Les précautions utiles consistent à :

  • éviter les sorties aux heures les plus chaudes ;
  • reporter les efforts physiques ;
  • rester dans une pièce fraîche ;
  • porter des vêtements légers et amples ;
  • humidifier régulièrement la peau ;
  • utiliser un ventilateur lorsque les conditions le permettent ;
  • boire selon les recommandations médicales ;
  • éviter l’alcool ;
  • prévoir des nouvelles régulières avec un proche.

Avant l’été, il est utile de demander au médecin ou au pharmacien si certains traitements nécessitent une surveillance particulière. Cette vérification ne doit pas attendre l’apparition d’un malaise.

Les personnes souffrant d’une hypohidrose connue peuvent préparer :

  • un brumisateur ;
  • des linges à humidifier ;
  • une bouteille d’eau accessible ;
  • un thermomètre ;
  • un téléphone chargé ;
  • les coordonnées d’un proche ;
  • une solution de repli dans un lieu climatisé.

Lorsqu’une personne transpire peu, la prévention doit commencer avant les premiers symptômes, car son organisme dispose de moins de marge pour évacuer la chaleur.

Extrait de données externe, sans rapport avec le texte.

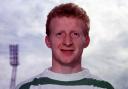 Jimmy Johnstone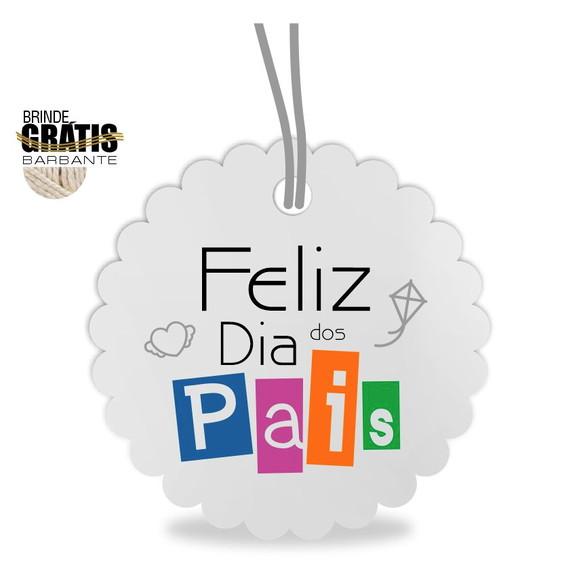 Tag Dia dos Pais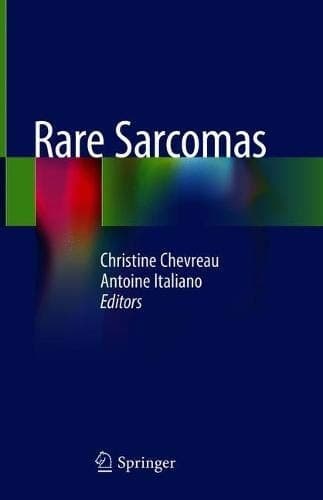 Tapa de Rare Sarcomas
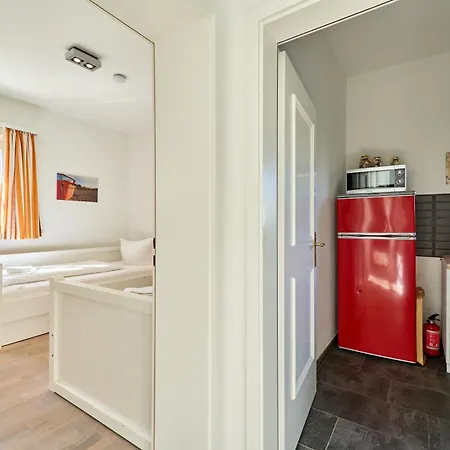 Haus Sonnenhof Sonnenhof 6 - Mariam *
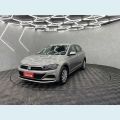 VOLKSWAGEN POLO 1.6 MSI AUT. FLEX - PRATA - 2020 Foto 3 (Miniatura)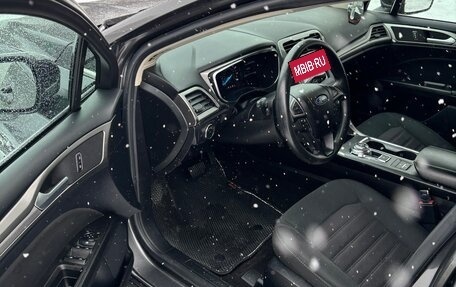 Ford Fusion (North America) II, 2020 год, 1 900 000 рублей, 7 фотография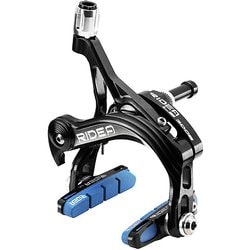 LSCB3D C-Brake Calipers ブラック/ブラック 147-06156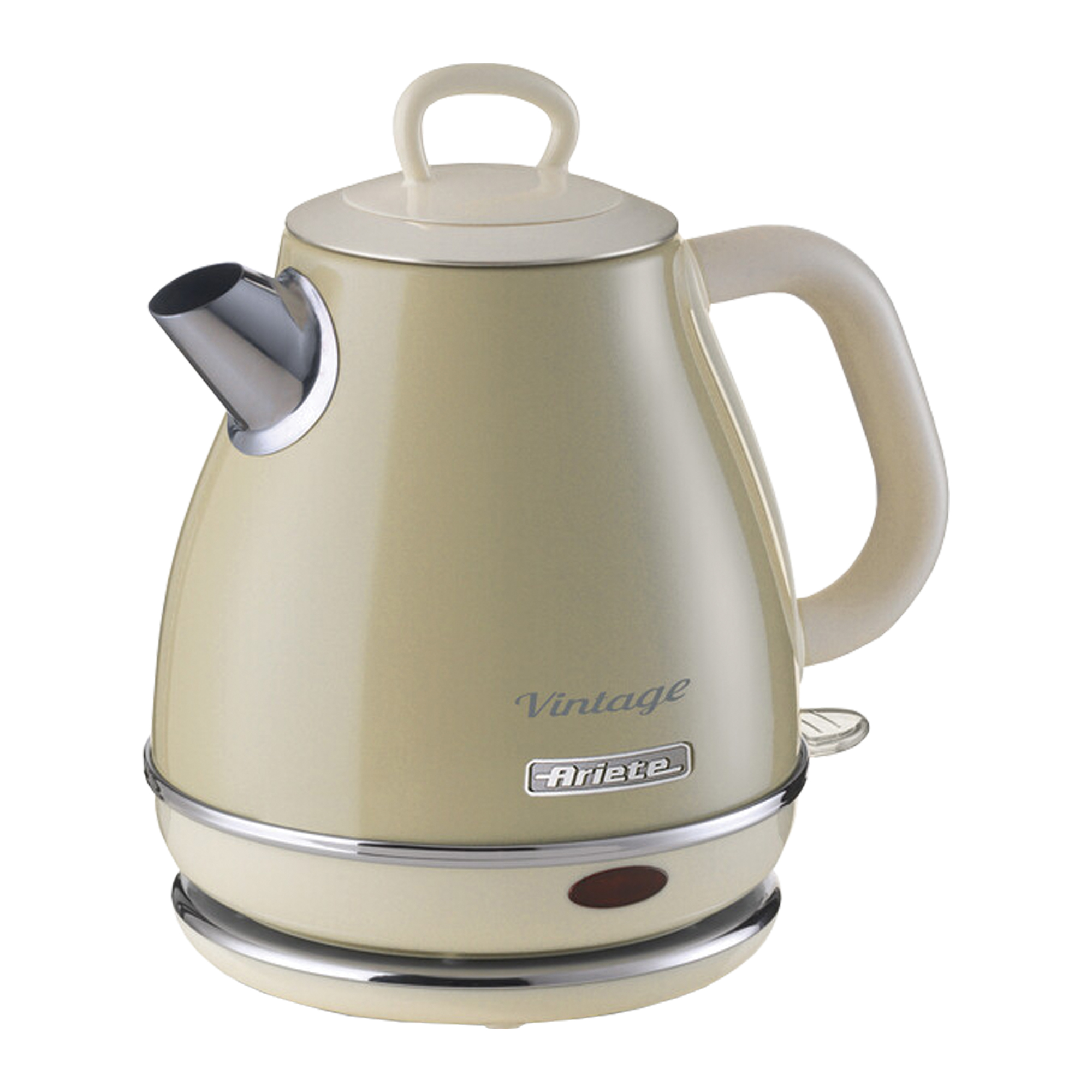 Bluestem Group introduces Ariete 1-litre jug kettle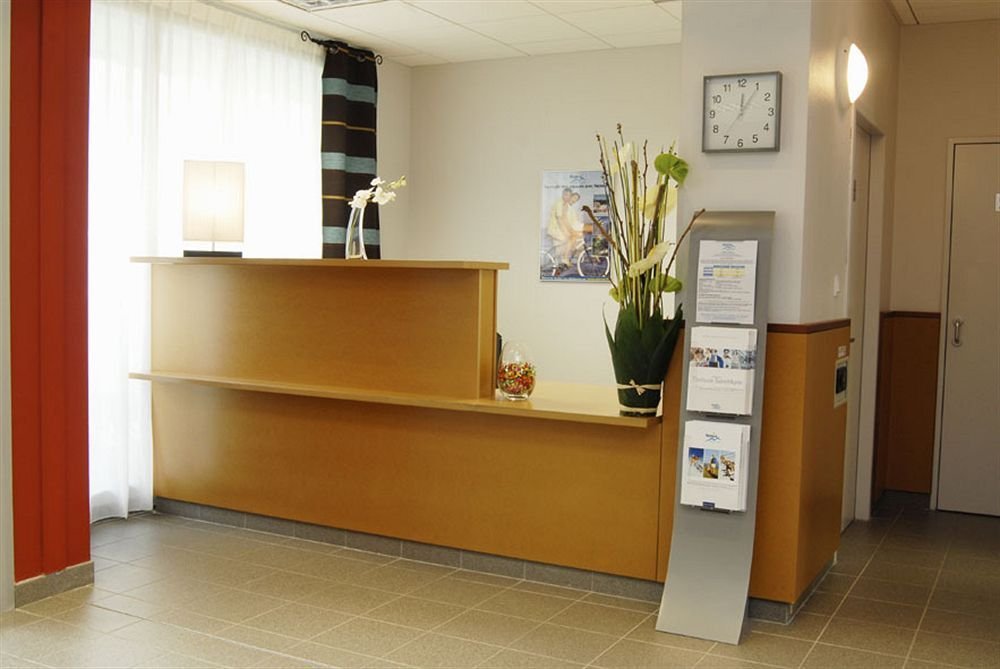 Фото Nemea Appart Hotel Toulouse Aéroport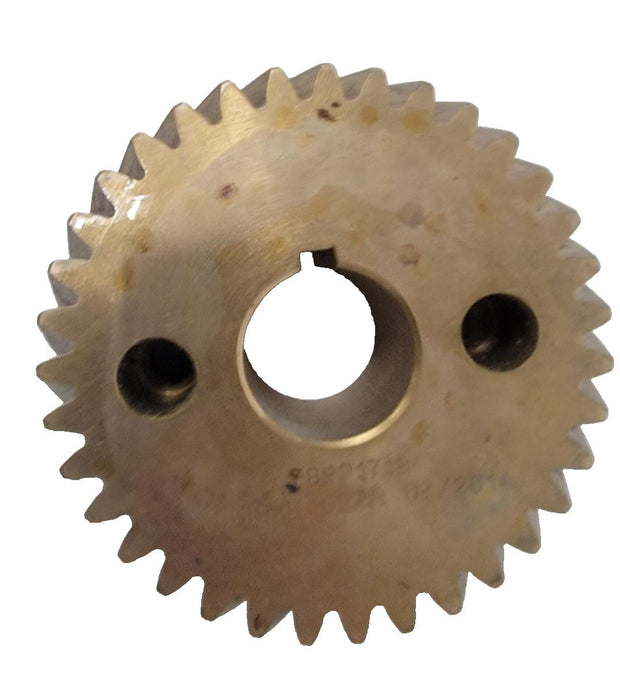 Michigan Gear Crank Gear 78PP1719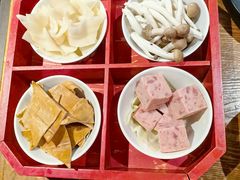 -受气牛肉·重庆耙牛肉(来福士店)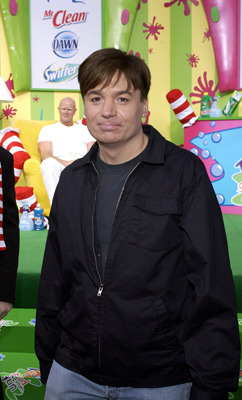 Mike Myers 88784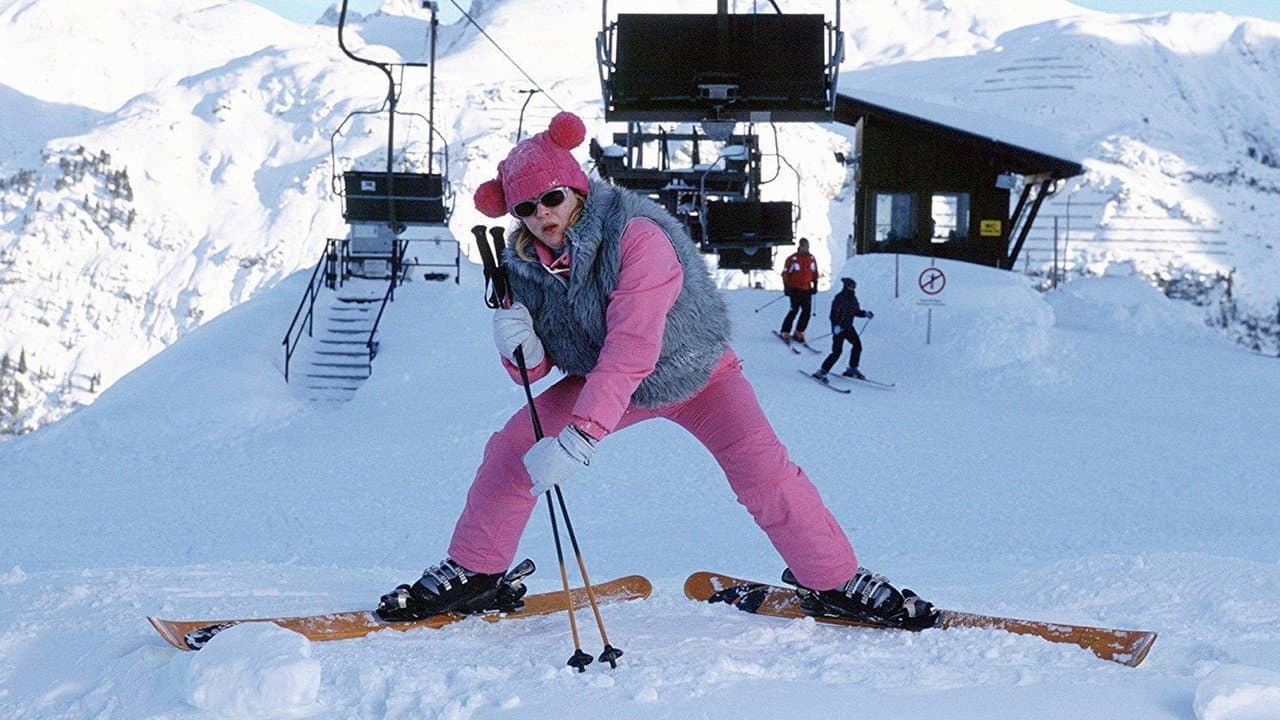 Bridget Jones: The Edge of Reason still 6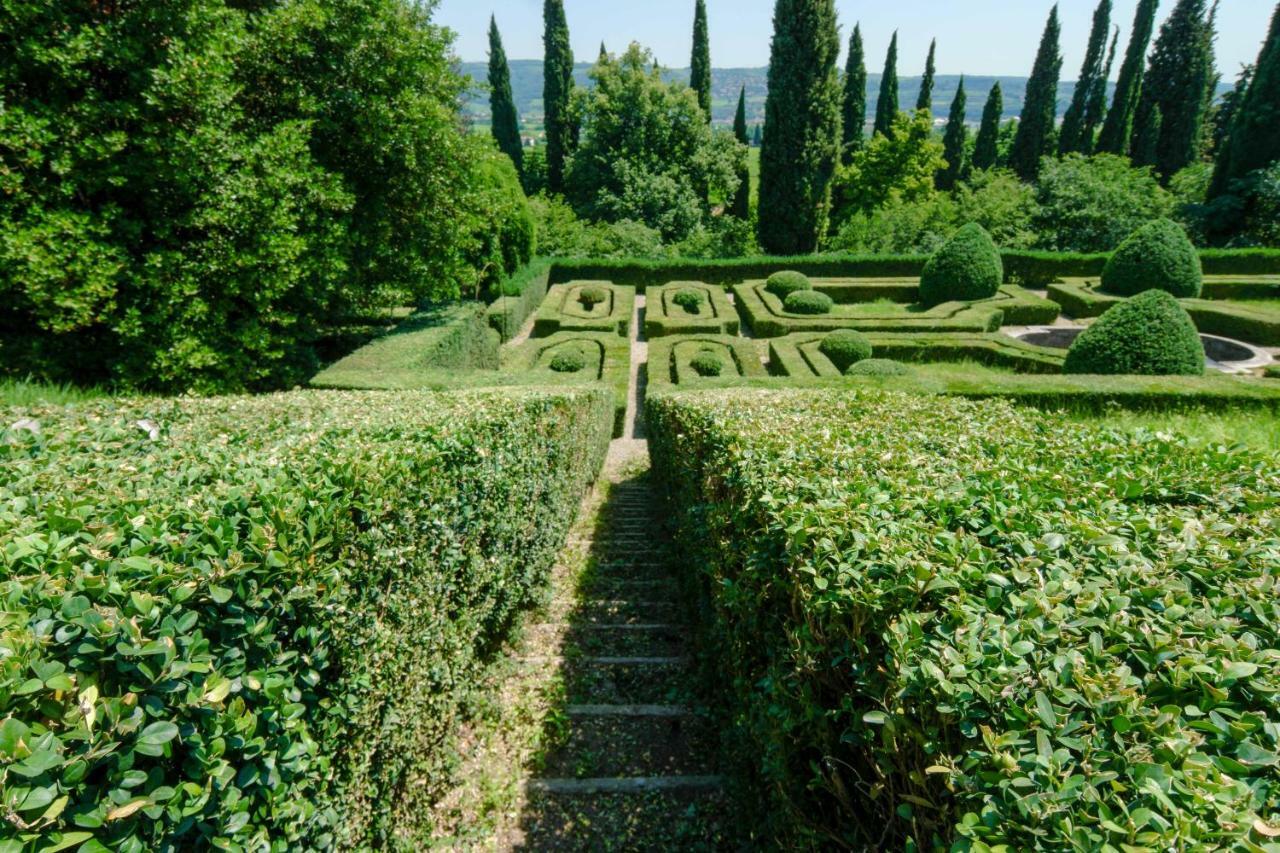 Villa Betteloni Valpolicella Suites San Pietro in Cariano Zewnętrze zdjęcie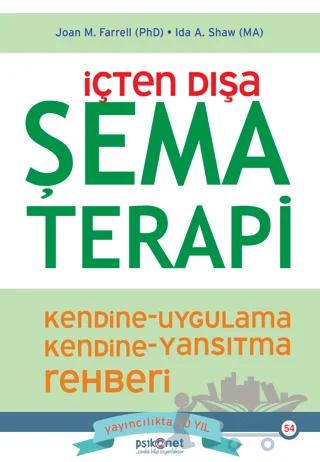 İçten Dışa Şema Terapi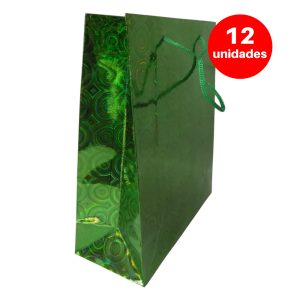 KA1001 - Bolsa de papel láser x12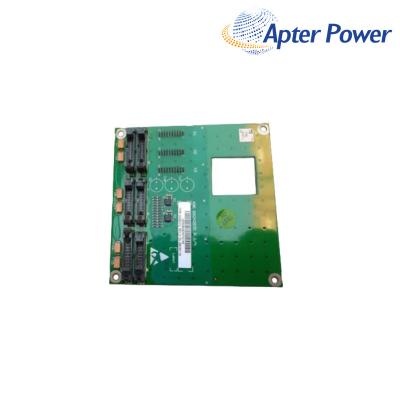 ABB AGBB-01C 68242843 Gate Driver Trigger Board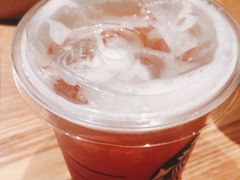 -星巴克(深圳布吉万象汇4F店)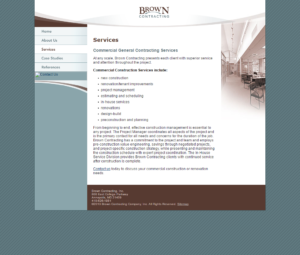 services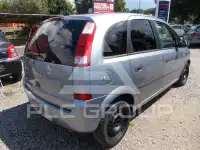 2004 Opel MERIVA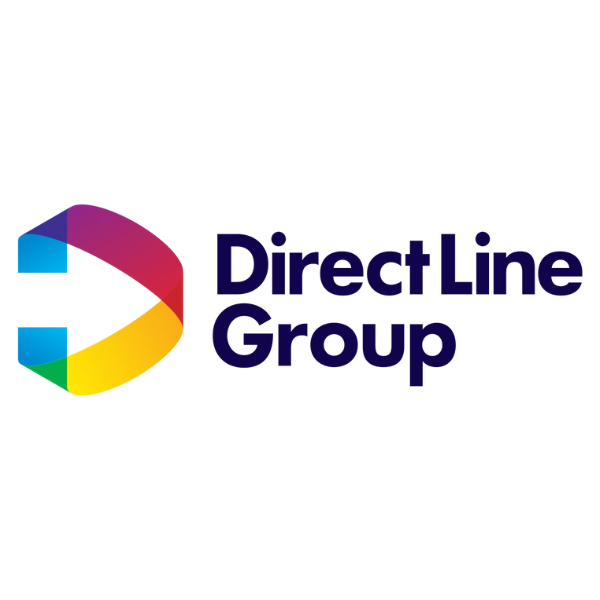 direct line group insurance logo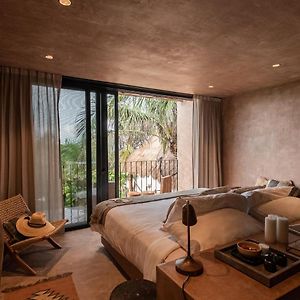 Zimmer mit Queensize-Bett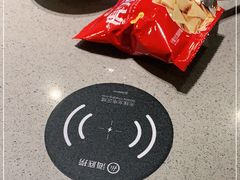 -海底捞火锅(天津SM城市广场店)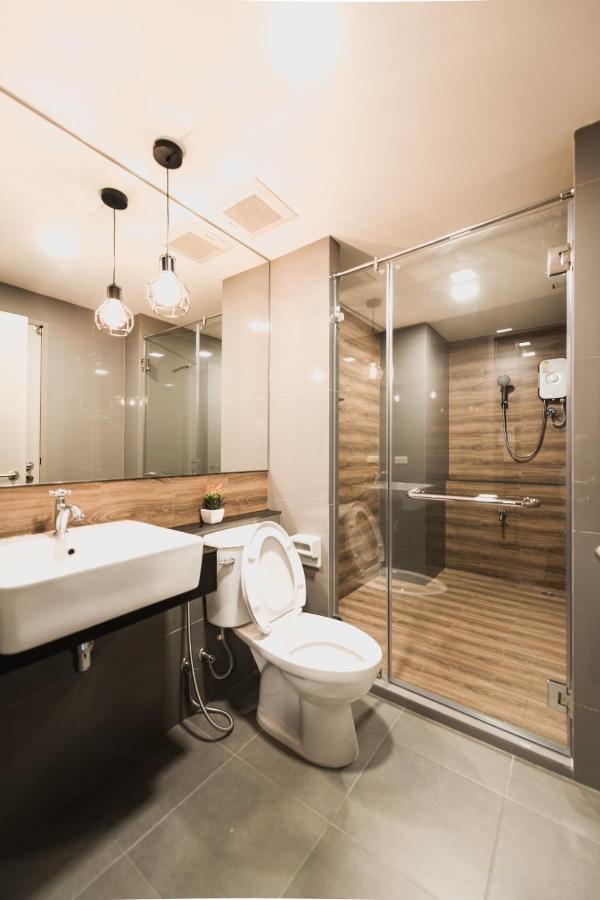 W2 Residence Bangkok Exteriér fotografie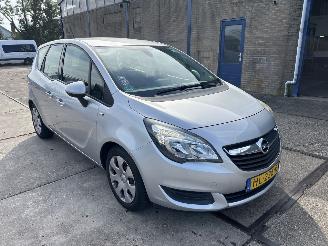 škoda osobní automobily Opel Meriva 1.4 TURBO EDITION 2015/11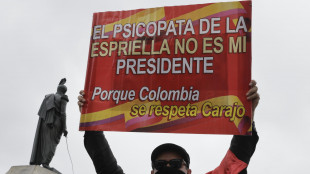 Colombia, proteste dell'opposizione contro l'insediamento di De la Espriella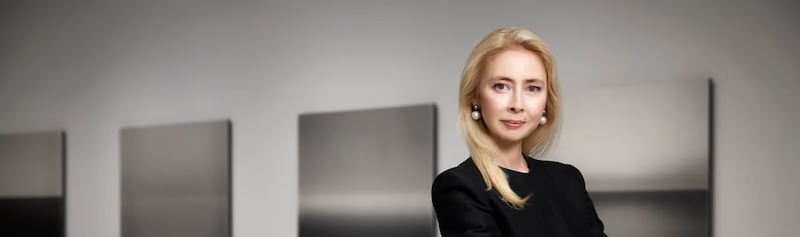 Smithsonian’da Üst Düzey Ayrılık: Melissa Chiu, Guggenheim’ın Başına Geçiyor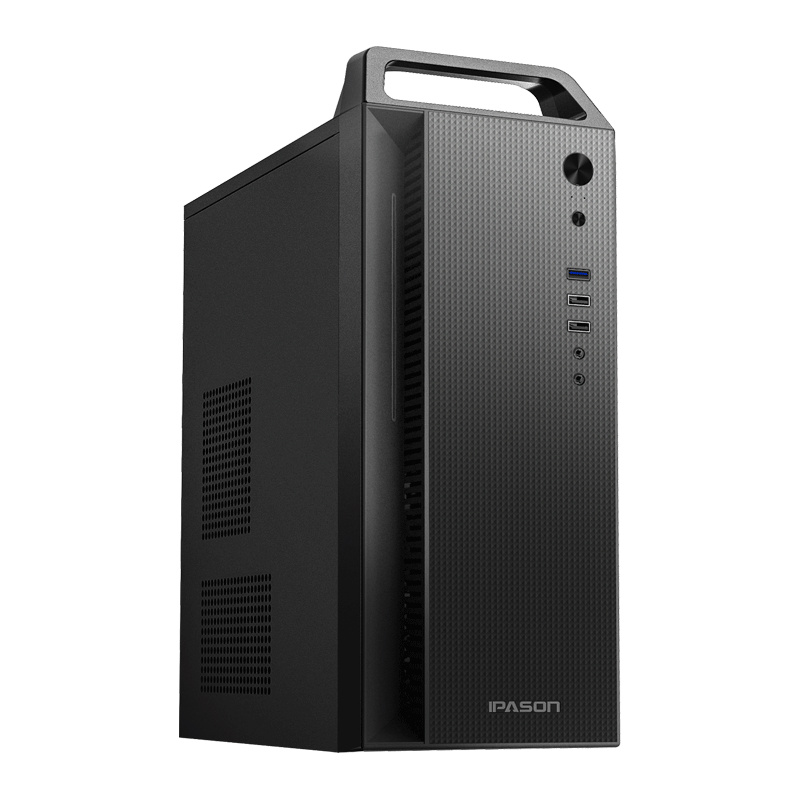 IPASON 攀升GF240 23.8英寸IPS FreeSync 显示器（1920×1080、144Hz、99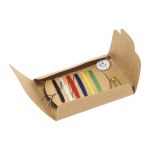 Šicí souprava MiniMend přírodní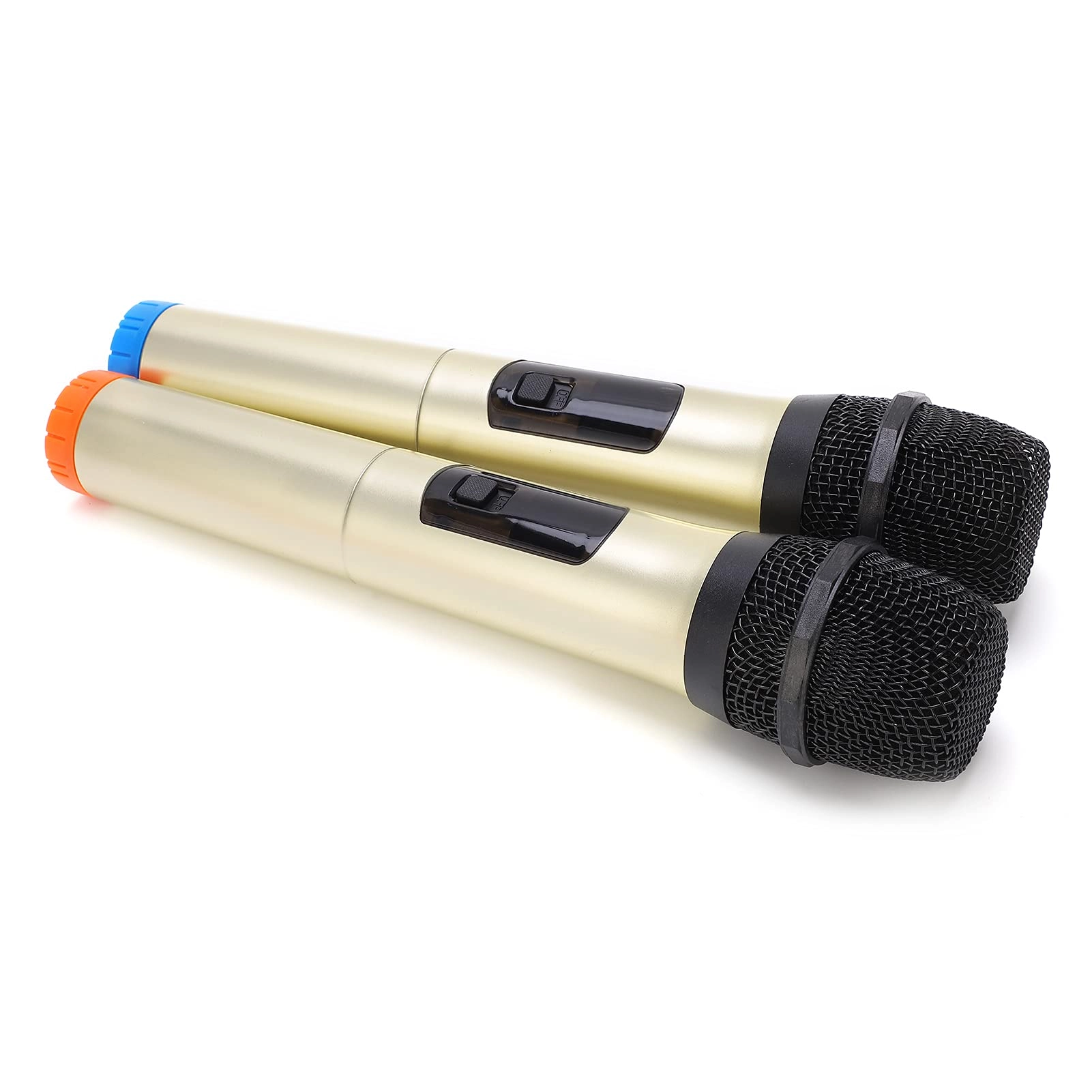 Jadssox Cardioid Dynamic Mic - UHF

Tableau récapitulatif : faut-il s’inquiéter ?

Situation observée Ce qu’elle peut évoquer Réflexe à adopter
Transpiration habituellement faible, sans symptôme Variation individuelle bien tolérée Rester vigilant et éviter la surchauffe
Diminution récente de la transpiration Médicament, déshydratation ou trouble de la sudation Demander un avis médical
Peau sèche avec bouche sèche et urines rares Déshydratation en cours Mettre au frais et faire évaluer rapidement
Peau très chaude, faiblesse et vertiges Mauvaise tolérance à la chaleur Refroidir, surveiller et contacter un professionnel
Confusion, malaise ou convulsions Coup de chaleur possible Appeler immédiatement le 15 ou le 112
Personne inconsciente ou incapable d’avaler Urgence vitale Ne rien faire boire et appeler les secours

Mini FAQ

Est-il normal de peu transpirer avec l’âge ?

La réponse à la chaleur peut diminuer avec l’âge, mais cette évolution ne doit pas être banalisée lorsqu’elle s’accompagne d’une mauvaise tolérance, de vertiges, de faiblesse ou d’un changement récent. Une personne âgée peut être en difficulté sans exprimer une forte sensation de soif.

Une peau sèche signifie-t-elle toujours un coup de chaleur ?

Non. Une peau sèche peut avoir de nombreuses causes. Elle devient inquiétante lorsqu’elle est très chaude et associée à une confusion, un malaise, une température élevée ou une dégradation rapide. À l’inverse, une personne victime d’un coup de chaleur peut encore transpirer.

La déshydratation peut-elle arrêter la transpiration ?

Une déshydratation importante peut réduire la quantité de sueur produite. Cette diminution peut survenir après une phase de transpiration abondante et s’accompagner de bouche sèche, d’urines rares, de vertiges, de faiblesse ou de troubles du comportement.

Faut-il arrêter un médicament qui réduit la transpiration ?

Non. Aucun traitement ne doit être interrompu ou diminué sans avis médical. Le médecin ou le pharmacien peut vérifier son rôle, rechercher d’autres facteurs de risque et décider si une adaptation est nécessaire.

Peut-on donner du paracétamol en cas de coup de chaleur ?

Le paracétamol ne fait pas baisser efficacement la température provoquée par un coup de chaleur. Il ne doit pas retarder le refroidissement de la personne ni l’appel au 15 ou au 112.

Quand faut-il appeler immédiatement les secours ?

Il faut appeler le 15 ou le 112 en cas de confusion, perte de connaissance, convulsions, incapacité à boire, comportement inhabituel, difficulté à marcher ou température corporelle très élevée. La personne doit être mise au frais et refroidie en attendant les instructions.